Exercise
Return all of the data exactly, with nothing left out but the pictures.

Dataset extract
* * * * * * *

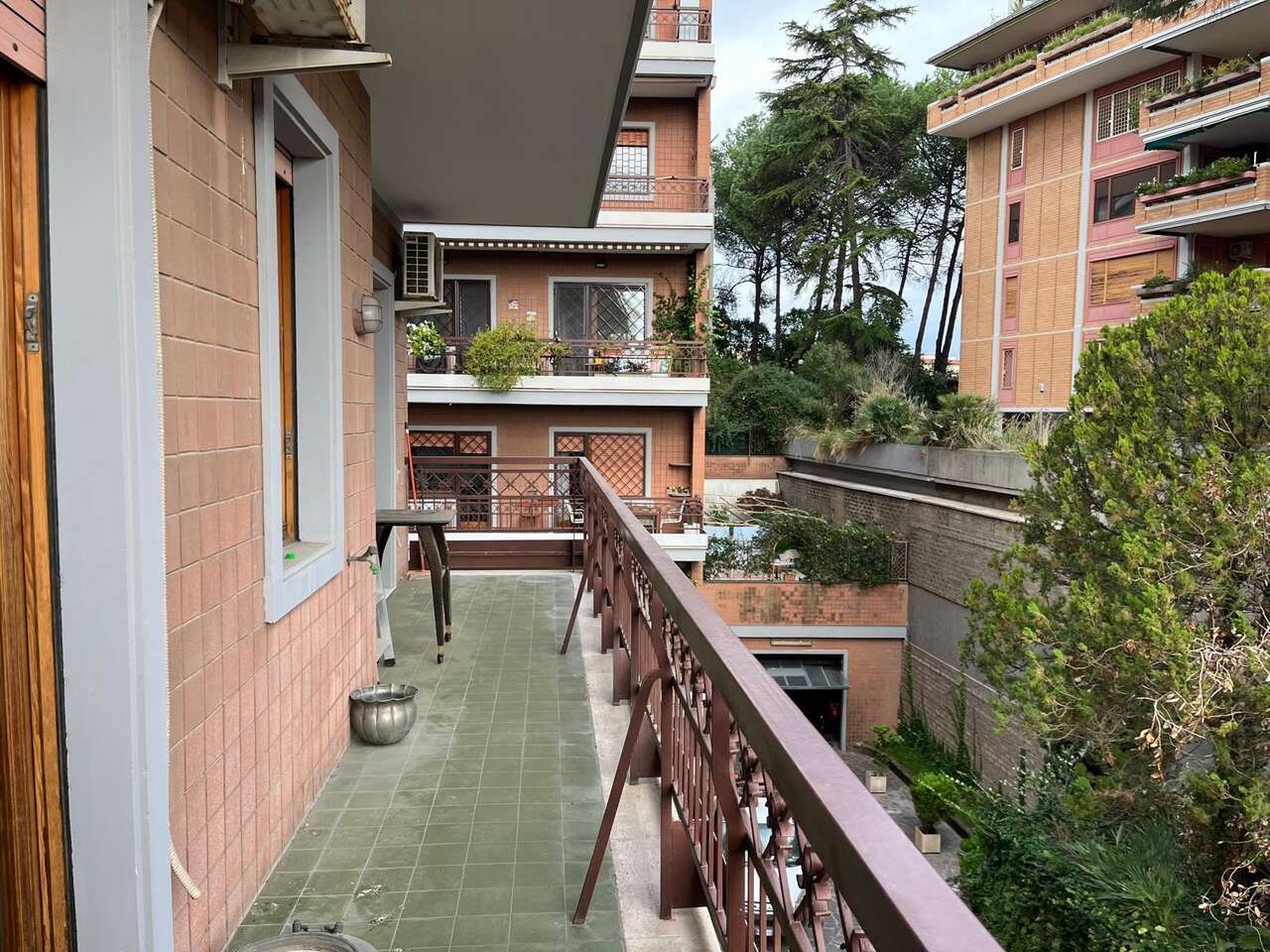 IN COMPRENSORIO, SPAZIOSO APPARTAMENTO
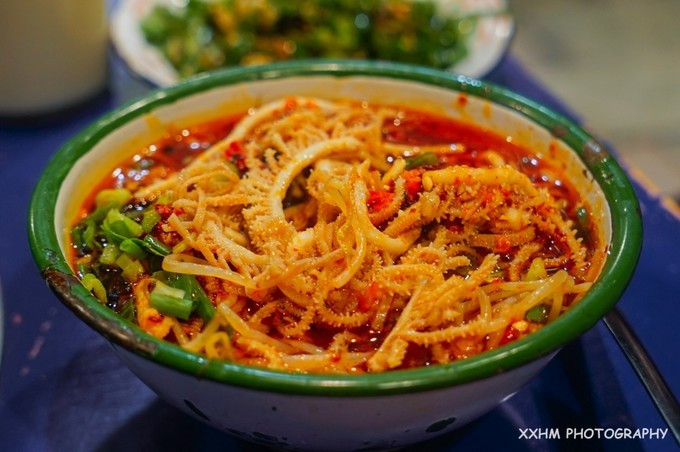 成都本地人去的最好吃的美食,中国姑娘吃成都美食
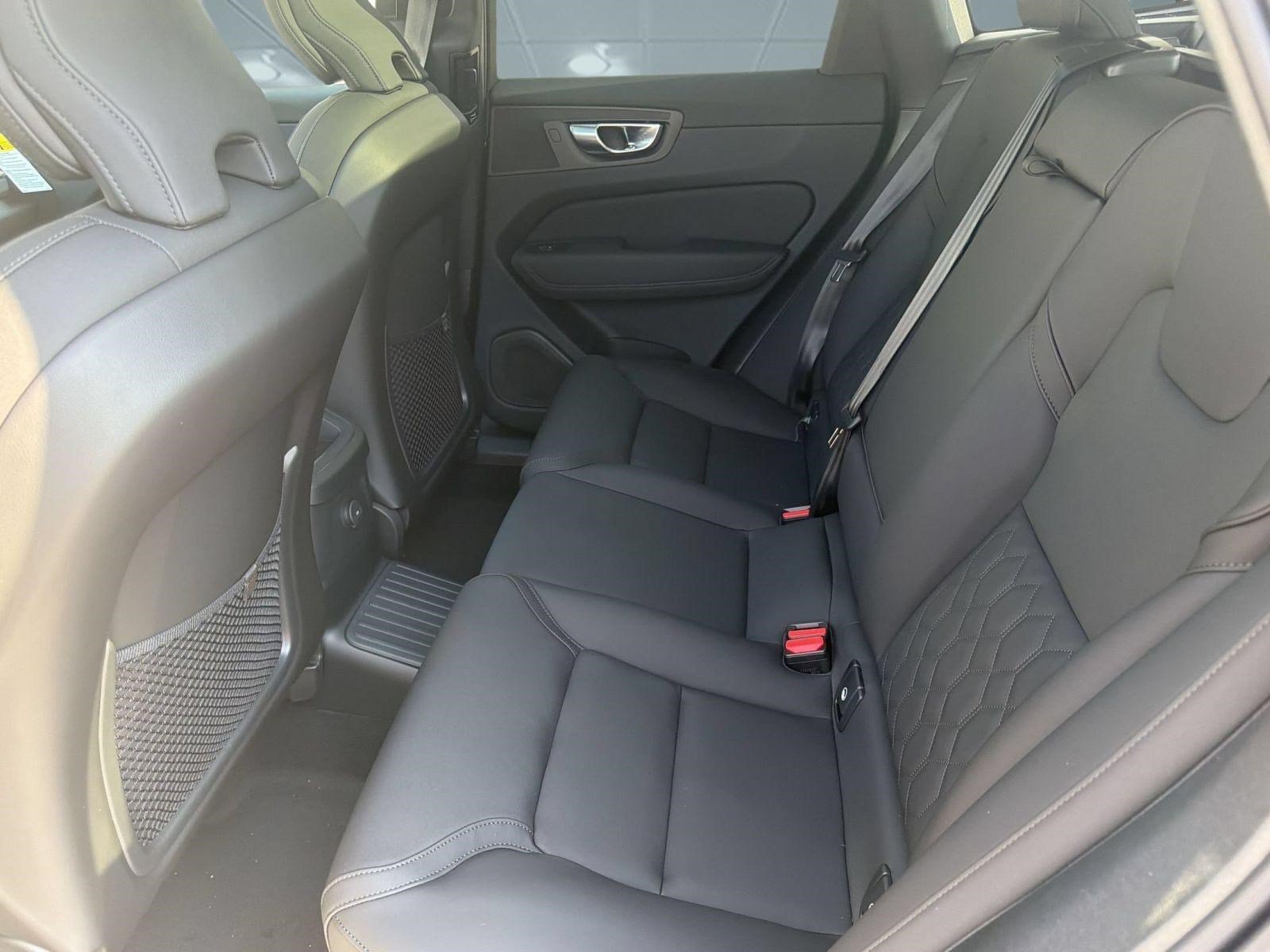 New 2026 Volvo XC60 T8 Plus w/ Climate Package AWD/4WD image 21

* * * * * * *

Result
 IN COMPRENSORIO, SPAZIOSO APPARTAMENTO
 成都本地人去的最好吃的美食,中国姑娘吃成都美食
 New 2026 Volvo XC60 T8 Plus w/ Climate Package AWD/4WD image 21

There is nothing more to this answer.